Brooks, a third-round pick in the supplemental draft in 2006, was supposed to finally have enough football under him and enough athleticism to go a long way in helping offset the loss of Odell Thurman. But that blew up when he pulled his groin early in Game 2 and never saw the field again.
It's this lack of consistency in the middle that Lewis believes has hurt his defense's ability to get turned around during the five seasons.
"It'll be a trivia question someday; all these things are factors," Lewis said. "When you have different guys all the time, it obviously plays a part. There is no solution when guys are injured. It's unfortunate, but that's the way it's been. The position is the Ghost of Takeo (Spikes), I guess. It's haunted. It's been an interesting thing. Anyway, it is what it is, and we've got to go on."
The Bengals are crossing their fingers that Brooks finally gets it. They've been frustrated at times and some teammates question his seriousness and focus.

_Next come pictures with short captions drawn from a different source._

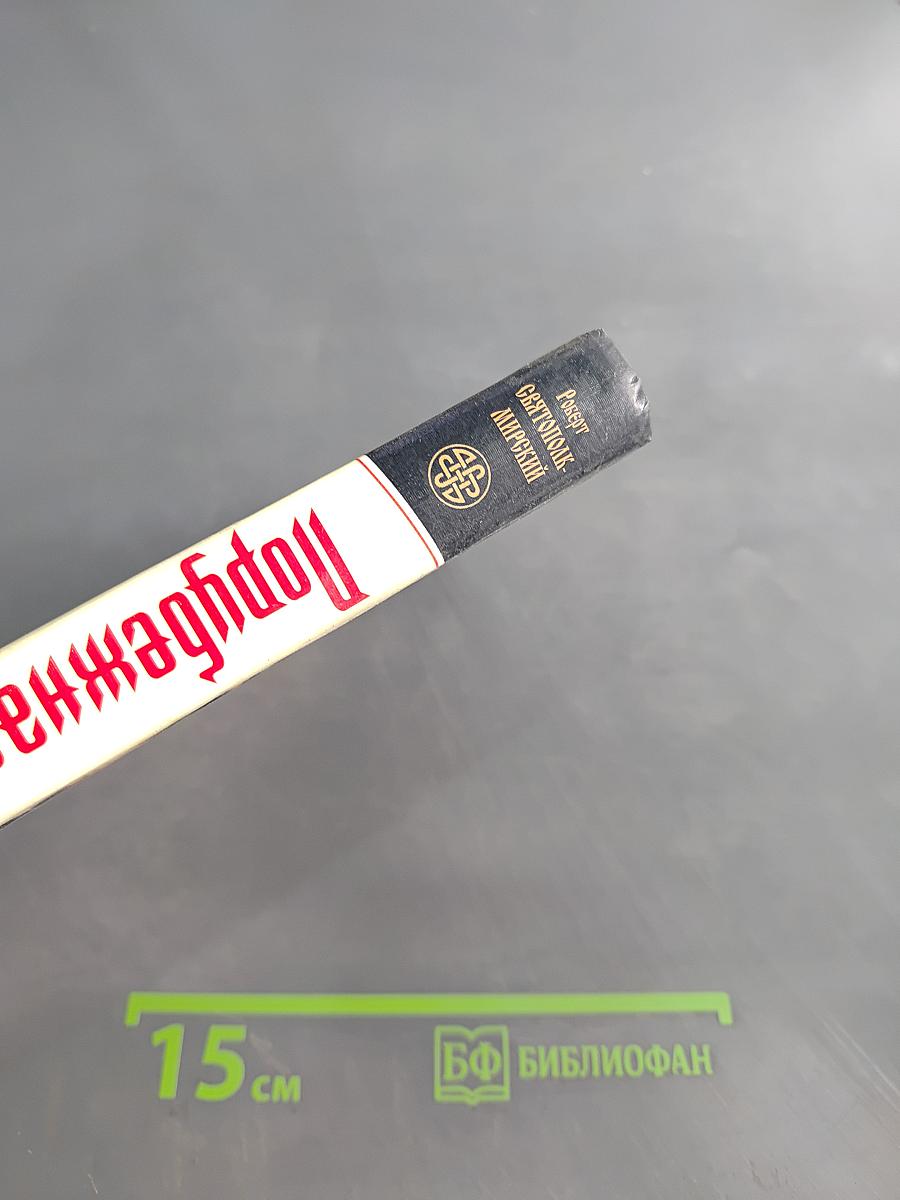 Порубежная война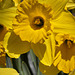 Daffodils – National Arboretum, Washington DC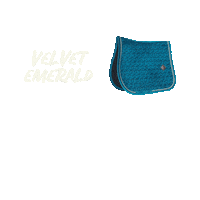 Horses Cheval Sticker by Kentucky Horsewear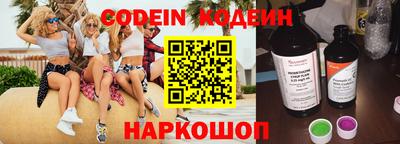 мдпв Кингисепп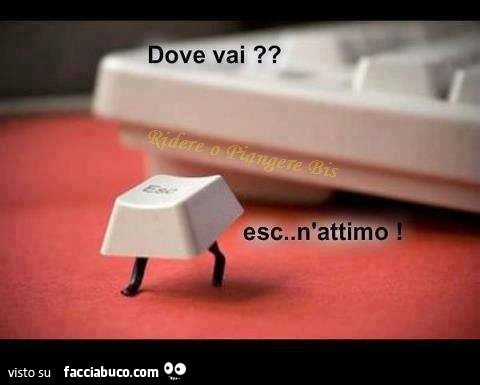 Dove vai? Esc&hellip;n'attimo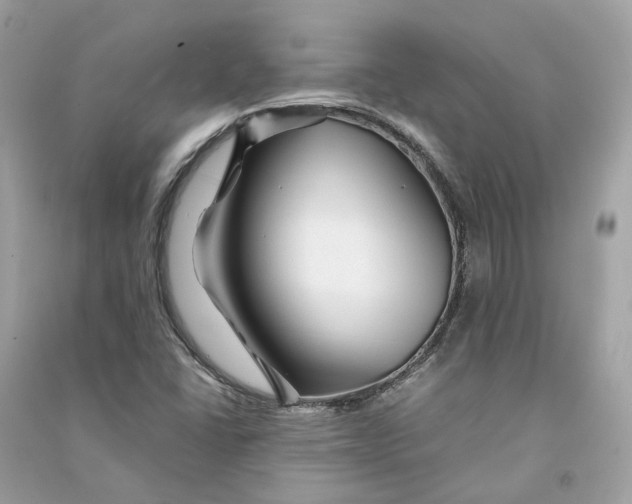 X0000090761406200708101737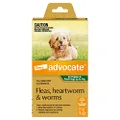 Advocate Dog, Monthly Spot-On Protection from Fleas, Heartworm & Worms, Single Pack Flea Treatment for Puppies & Small Dogs up to 4 kg, 1 Pack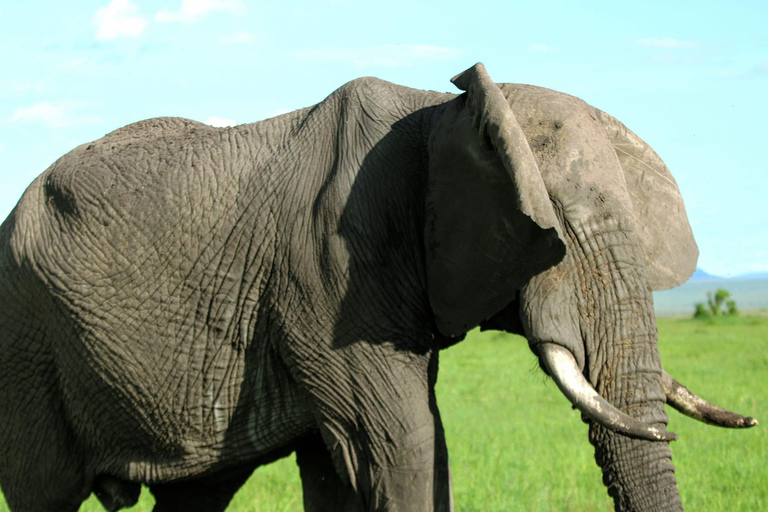 Chobe Morning Game Drive Safari from Livingstone & Vic Falls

But the Bengals also realize the guy has a serious injury, he's extremely talented, and he made a big improvement in work habits from year one to year two.
"Some guys can tolerate it. Some can't. You can tear it. It's very painful," Lewis said. "You need about six weeks or eight weeks to recover. It just depends on the particular person. They'll do the surgery. It's about a six or eight-week recovery time or inactivity before you get back to where everything's fine."
The problem is when Brooks shows up for his third training camp, he'll only have 13 NFL games under his belt.
"It's been harder on him than us," Lewis said. "In some ways, maybe, this is a good thing that he's had to learn and go about this the right way. He's had to attend meetings and learn, and learn how to be a professional because he's a young kid. He really is. He could conceivably still be at the University of Virginia right now.
"So this is in some ways is a good thing for him, maybe. Because it allows him to grow up and become the man and the player that he'll be. He made a lot of strides. It's unfortunate that he's just not been able to come back from this. Every time we rest him and give him time to let it heal, and then when he tries to do something, he can't. It's just time for this move."
Naturally, Middle Backer No. 8, Anthony Schlegel (back) didn't practice Wednesday and weakside backer Landon Johnson reprised his 2004 role in the middle.
So you've got four of them. The other four middle backers to start under Lewis joining Brooks, Thurman, Schlegel and Johnson are Kevin Hardy, Brian Simmons, Nate Webster and Caleb Miller. Miller started the week after Brooks got hurt but hasn't practiced since that Sept. 23 game following a back injury.
GM TALK: With a debate raging about the lack of a Bengals general manager, Ravens head coach Brian Billick was asked Wednesday by the Cincinnati media if he could do both. In nine seasons teamed with Ravens general manager Ozzie Newsome, Billick is 84-60.
"I couldn't imagine it," Billick said. "Someone would have to be more capable than me. The follow through and attention to detail in either job, I can't imagine it."
The problem in comparing the two is that Lewis doesn't do both, either. Lewis, who worked under Newsome and Billick, gets heavily involved in personnel and has input in the other aspects.
The Bengals split the GM job among the trio of Mike Brown, the club's president who is the final say on personnel; executive vice president Katie Blackburn, the team's chief contact negotiator and salary cap cruncher; and vice president for business development Troy Blackburn, who negotiates the free-agent contracts.
Lewis has high regard for Newsome, still talks to him regularly, and models his philosophy on what he learned from Newsome in their seven years together.
If the Bengals are looking to add to the personnel department (and it's not something that appears to be on the table) the one thing they could probably use is a guy that focuses primarily on pro personnel so that can free up the college scouts more.